Galeria Labirynt was established in 1956 as the Bureau of Artistic Exhibitions (Biuro Wystaw Artystycznych or BWA) in Lublin, Poland. It presents a variety of art disciplines including installations, video art, performance art, multimedia, photography, film, art, building, painting, and drawing.

==History==
Galeria Labirynt was founded in 1956 as the BWA. In 1981 Andrzej Mroczek became the director of BWA. In the gallery he continued to pursue the first program that he had led since 1974. Galeria Labirynt promoted contemporary art, focusing on the formal experiment.

BWA gained nationwide and worldwide recognition as an artists’ meeting place. After the introduction of martial law in Poland, BWA was one of the few government institutions not under a boycott. This was evidence of the trust that independent Polish artistic milieus had for the director, Andrzej Mroczek.

In 2010 Waldemar Tatarczuk became the new director of BWA. Similar to Andrzej Mroczek, he added his ideas of a Performance Art Centre, run by him in the years 1999 – 2010, to the gallery's program. Tatarczuk changed the name of the gallery from BWA to Galeria Labirynt. The name in English means Labyrinth Gallery.

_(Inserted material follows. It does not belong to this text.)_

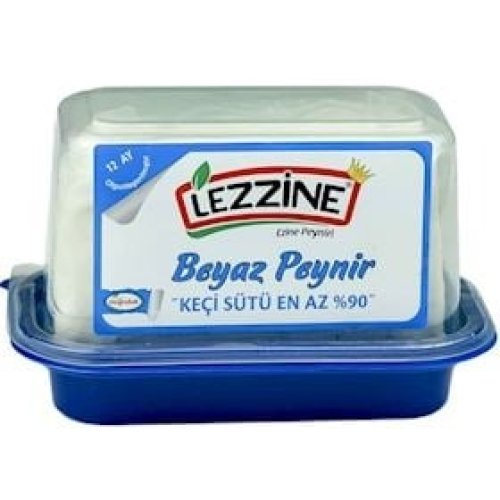 Pendir Lezzine Keçi 90% 350 q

As of 2012, Galeria Labirynt mainly follows the path established by Andrzej Mroczek — presenting the classics of contemporary art and works of the artists linked with his program, taking an in-depth look at present day works of art, and searching for universal values in art.

==Artists==
Polish artists whose work was presented in the Labyrinth Gallery include:
Cezary Bodzianowski, Janusz Baldyga, Miroslaw Balka, Basia Bańda, George Beres, Hubert Czerepok, Maurice Gomulicki, Gruppa, Michał Iwański, Marek Kijewski, Circle Klipsa, Marek Konieczny, Zofia Kulik, Przemyslaw Kwiek, Elzbieta Jablonska, Zbigniew Libera, Natalia LL, Maria Pinińska-Beres, Zygmunt Piotrowski, Joseph Robakowski, Jan Swidzinski, Iza Tarasewicz, Zbigniew Warpechowski, and Krzysztof Zarebski.

The non-Polish artists whose work was presented in the Labyrinth Gallery include: Stuart Brisley, Michael Snow, Dick Higgins, Joseph Beuys, and Christo.